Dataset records
=== Section Start ===

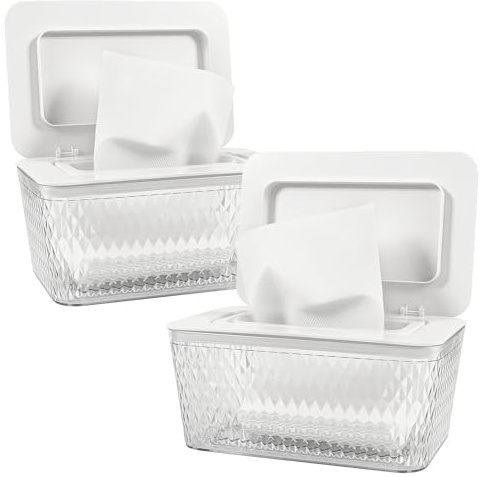 Urincros Feuchttuchspender, Wischtuchhalter für Baby und Erwachsene, nachfüllbarer Tuchbehälter, hält Feuchttücher frisch, Einhandbedienung, rutschfest, leicht zu öffnen/zu schließen, Weiß, 2 Stück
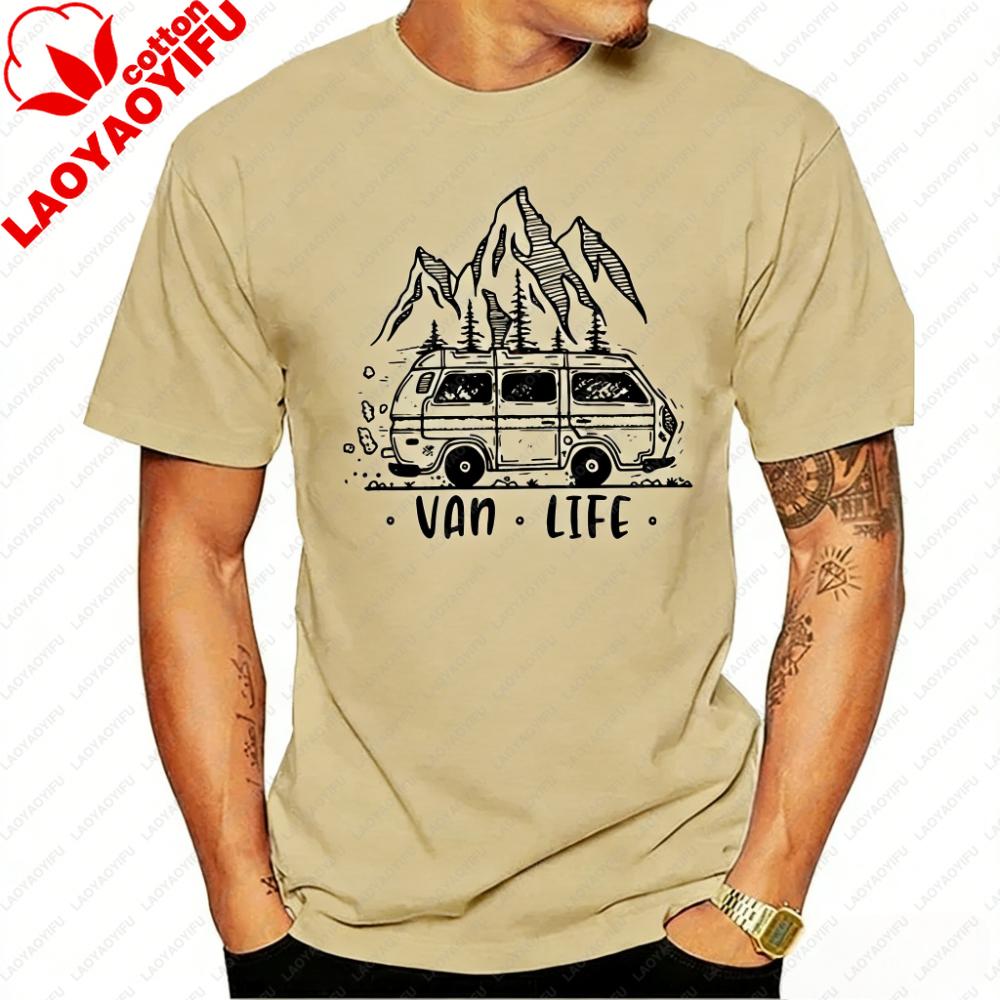 Men Clothing  Van Life Ladies Camping Printed TShirt Male Designing T Shirt Top Tee Vintage Outdoor Classic Oneck Woman Tshirt
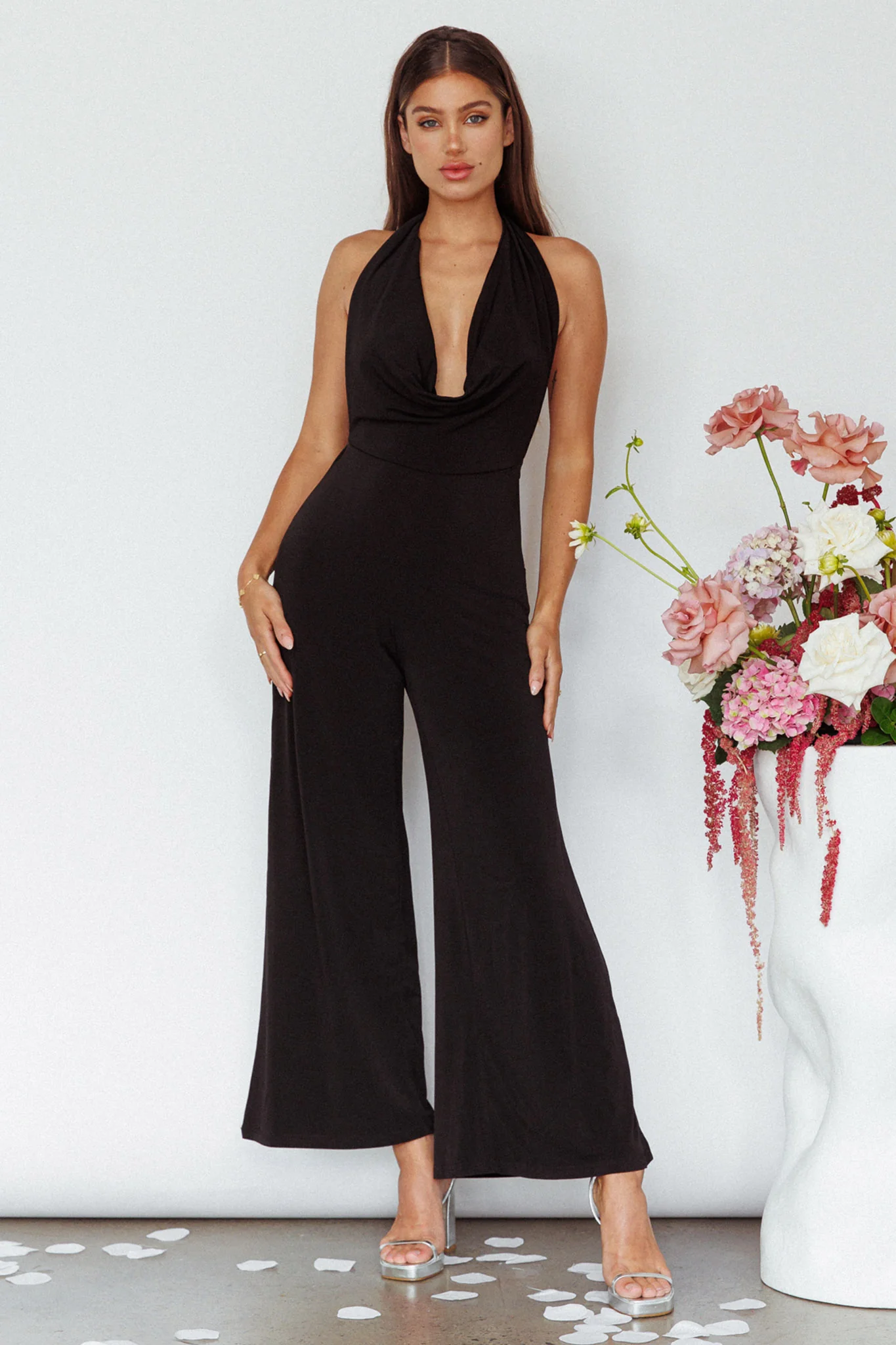 Emanuella Halterneck Split Jumpsuit Black - Sonourner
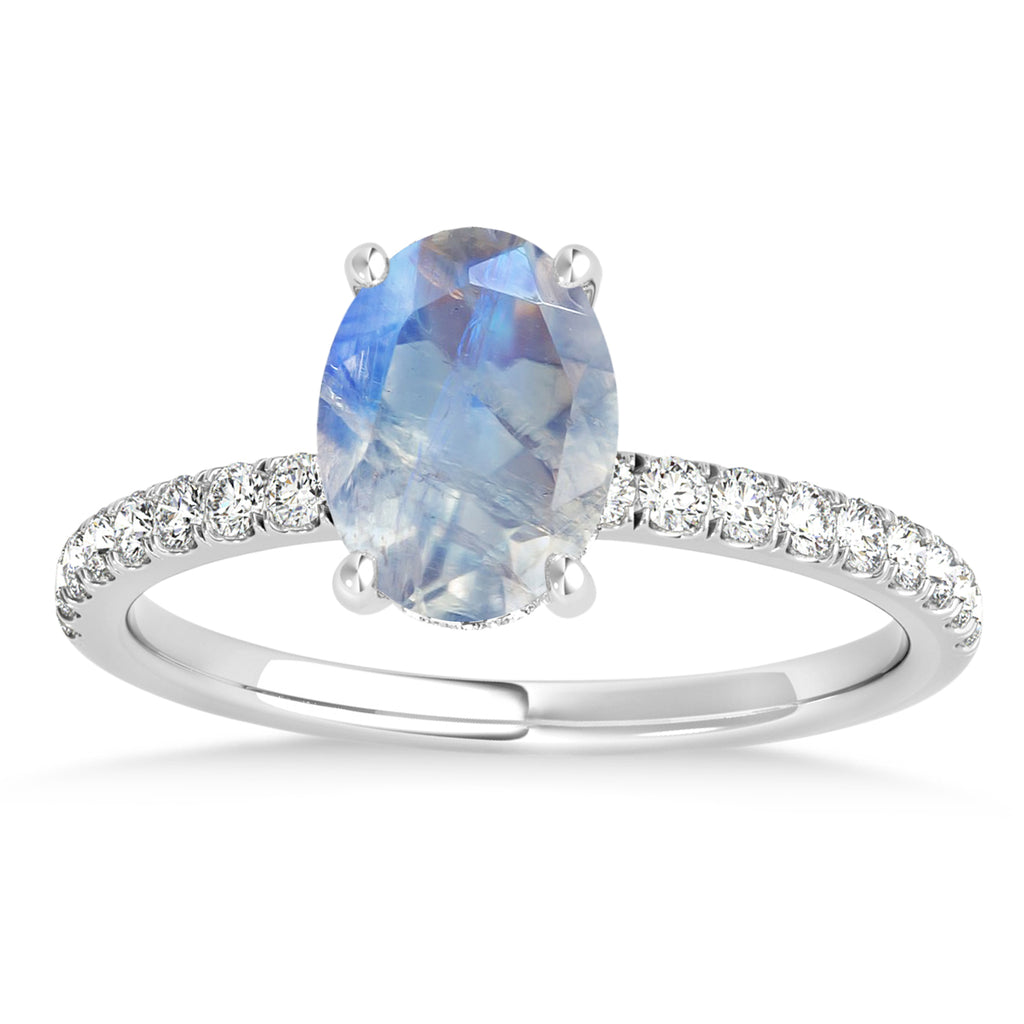 Oval Moonstone & Diamond Single Row Hidden Halo Engagement Ring 14k White Gold (0.68ct)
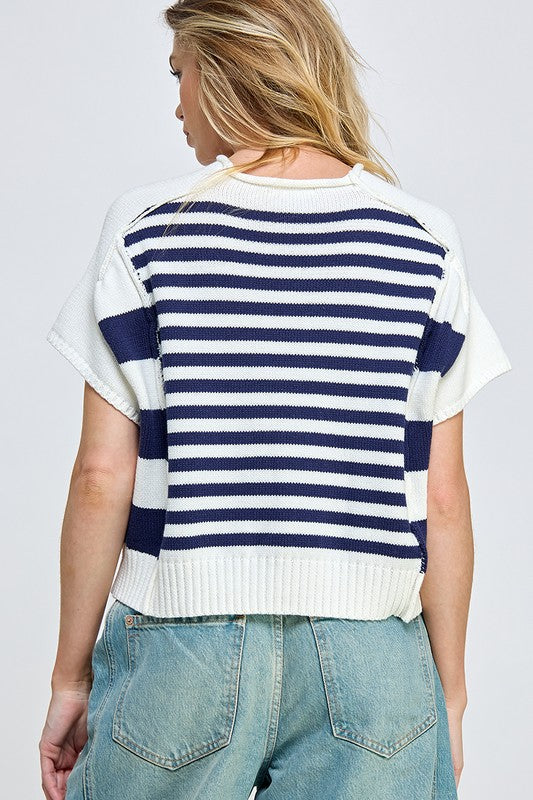 Striped Knitted Sweater Top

=== Section End ===

Problem description: In the records above, locate the line containing "Emanuella Halterneck Split", then copy exactly that line and every line after it through the end, omitting pictures.

Result of this exercise:
 Emanuella Halterneck Split Jumpsuit Black - Sonourner
 Oval Moonstone & Diamond Single Row Hidden Halo Engagement Ring 14k White Gold (0.68ct)
 Striped Knitted Sweater Top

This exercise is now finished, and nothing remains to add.